### PROBLEM
This task asks for the lines from the one with "Telescopic Candle Snuffer" to the final line below, repeated exactly, with pictures omitted.

### DATASET CONTENT
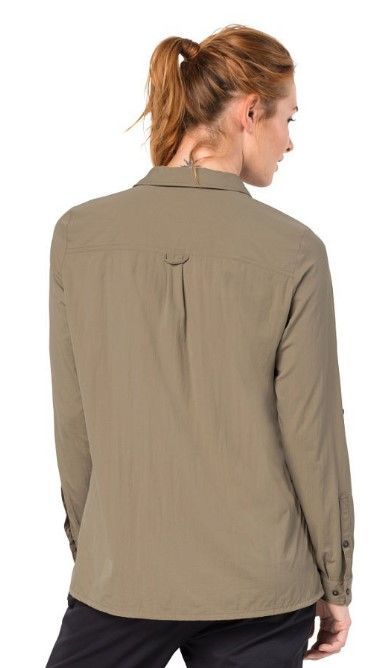 Jack Wolfskin Влагорегулирующая рубашка А Jack Wolfskin tacama Roll-Up Shirt W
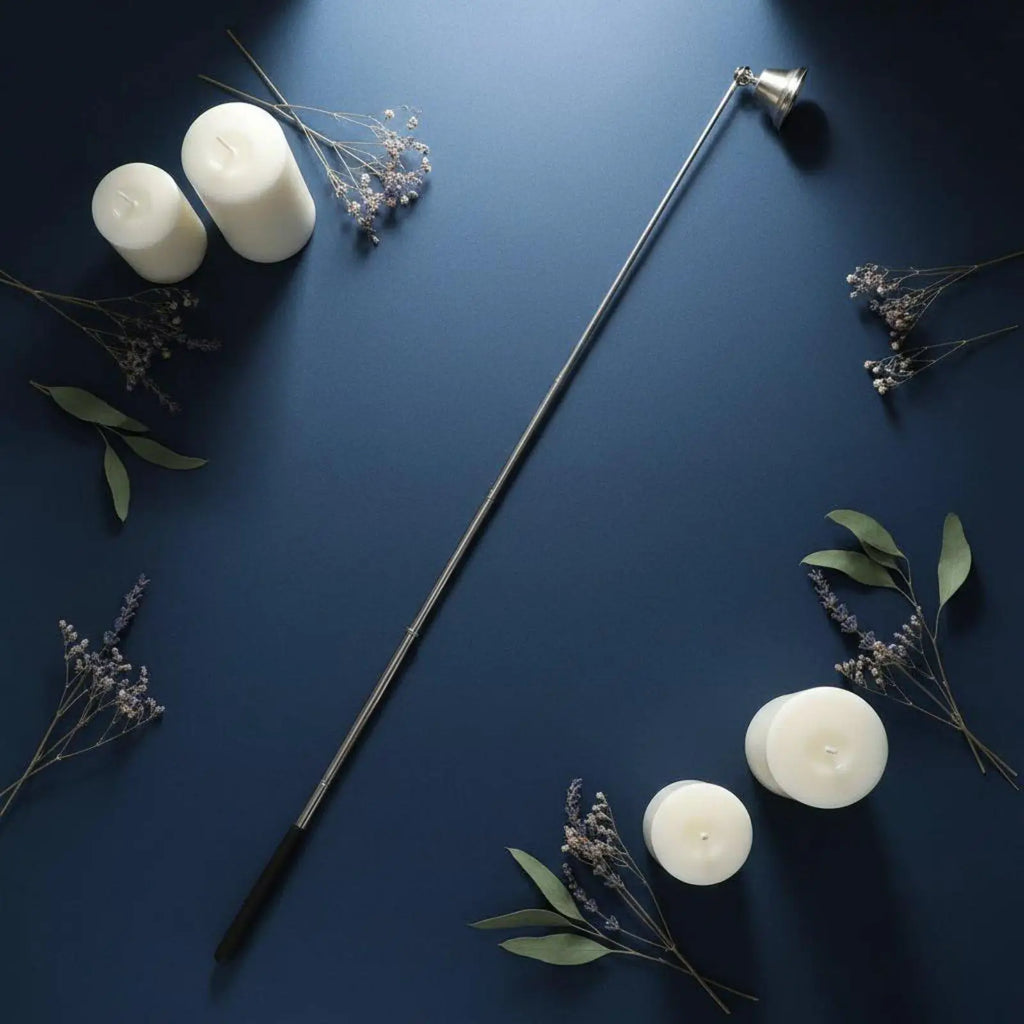 Telescopic Candle Snuffer Long Rod Extendable 21–101cm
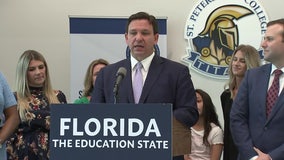 Florida governor's campaign wants school board candidates to pledge support for 'DeSantis Education Agenda'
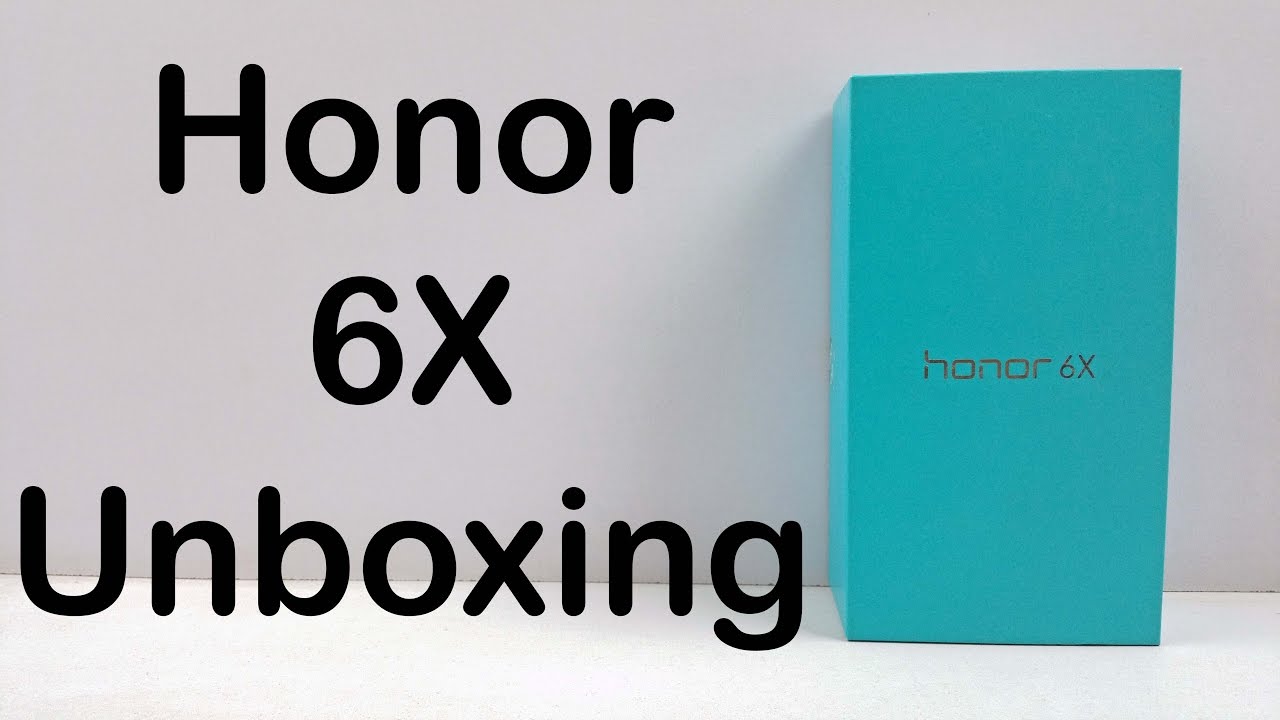 Honor 6X Unboxing & Quick Hands on Review - Nothing Wired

### SOLUTION
 Telescopic Candle Snuffer Long Rod Extendable 21–101cm
 Florida governor's campaign wants school board candidates to pledge support for 'DeSantis Education Agenda'
 Honor 6X Unboxing & Quick Hands on Review - Nothing Wired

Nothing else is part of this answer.